(Image-caption web data)
++++++++

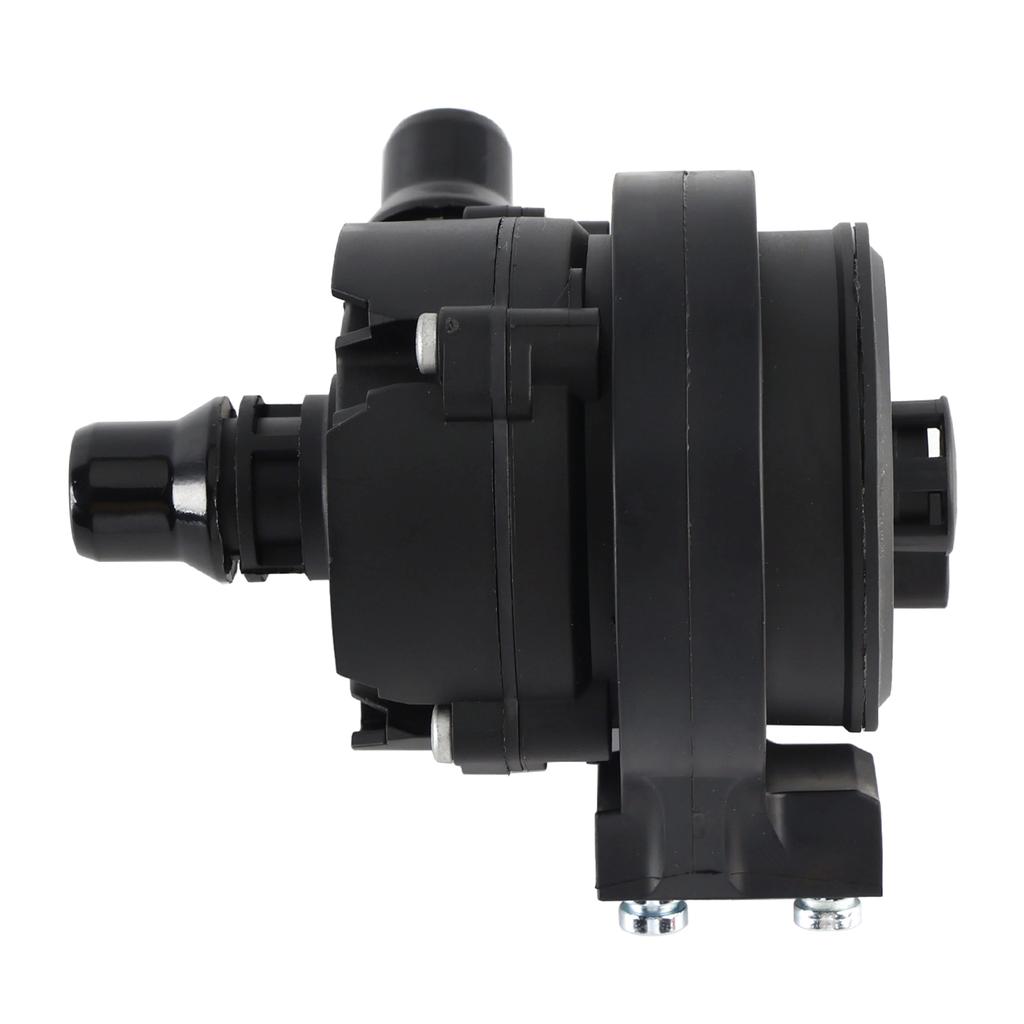 Electric Water Pump 11517643949 for  340i xDrive 440i xDrive M240i xDrive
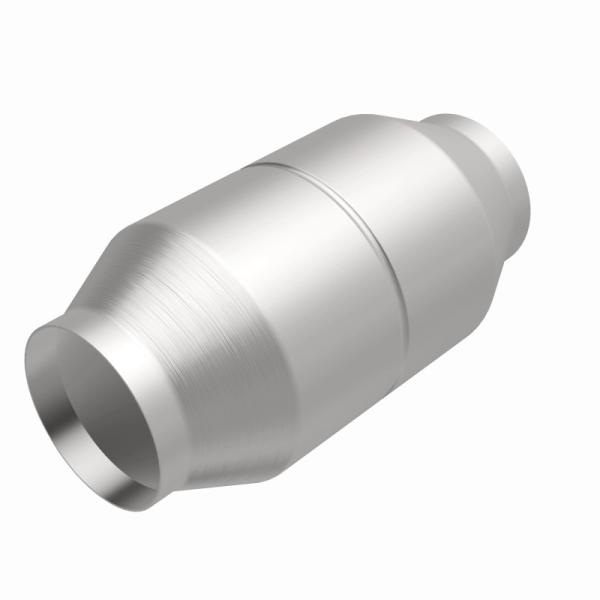 Magnaflow 60112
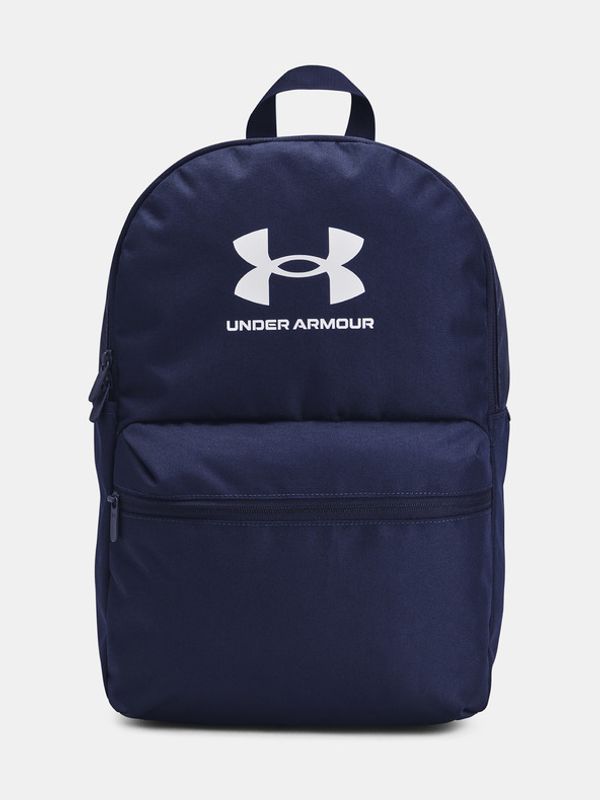 Under Armour Under Armour Loudon Lite Nahrbtnik Modra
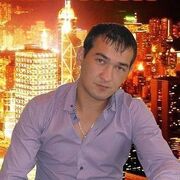 Сергей, 36, Хилок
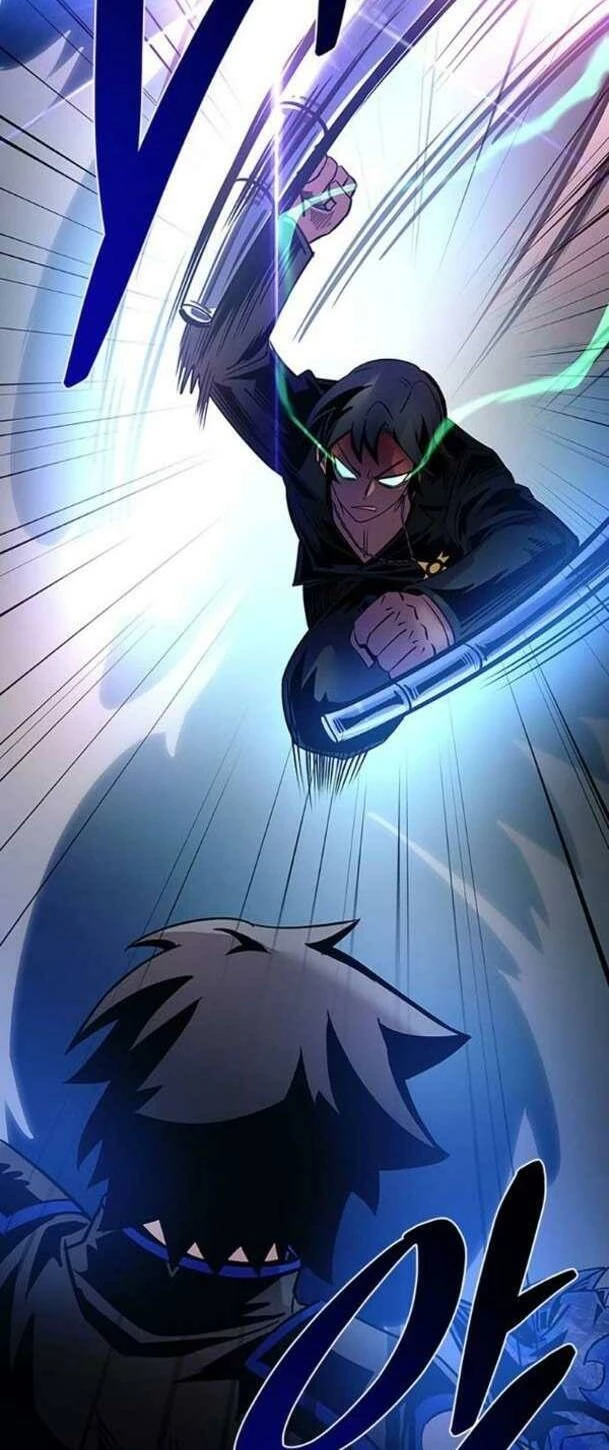 Tiêu Diệt Ác Nhân Chapter 111 - Next Chapter 112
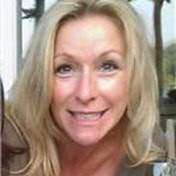 Millward Family Obituaries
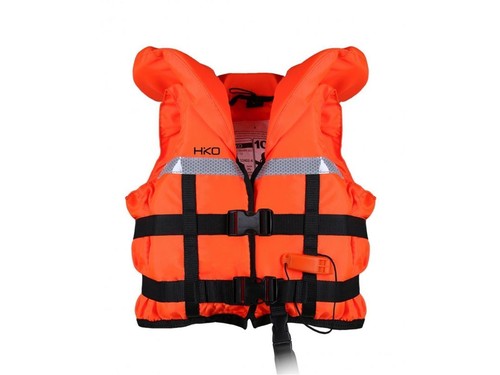 Hiko schwimmweste baby - hiko,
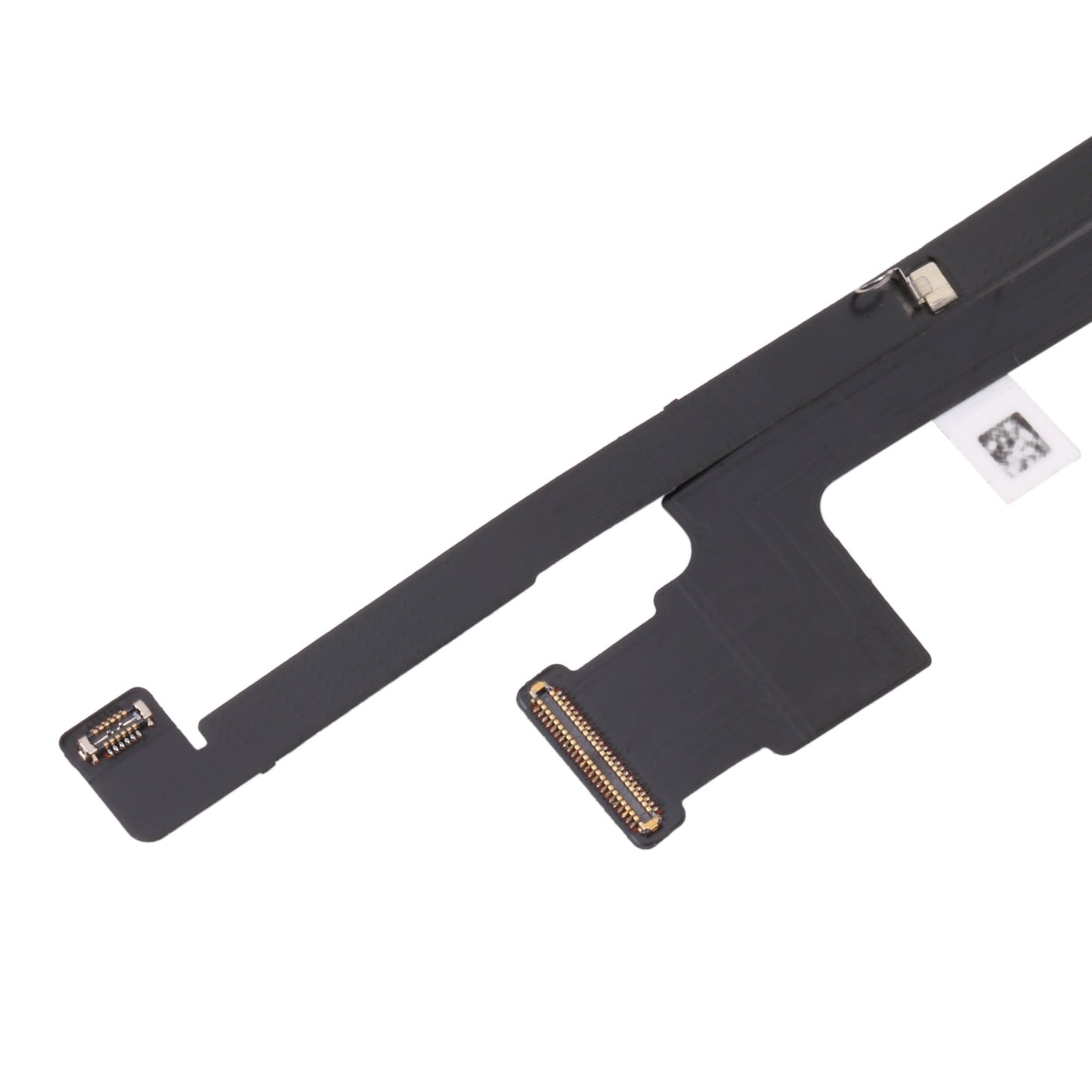 iphone 12 Pro Max Charging Strip Replacement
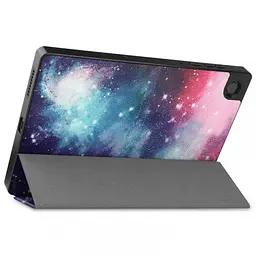 Чохол-книжка Gum origami для планшета Lenovo Tab M10 HD 2Gen TB-X306F та TB-X306X - мініатюра 3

++++++++

Only the lines from the one holding "Millward Family Obituaries" through the end of the data are to be printed, exactly as they stand and with no pictures.

 Millward Family Obituaries
 Hiko schwimmweste baby - hiko,
 iphone 12 Pro Max Charging Strip Replacement
 Чохол-книжка Gum origami для планшета Lenovo Tab M10 HD 2Gen TB-X306F та TB-X306X - мініатюра 3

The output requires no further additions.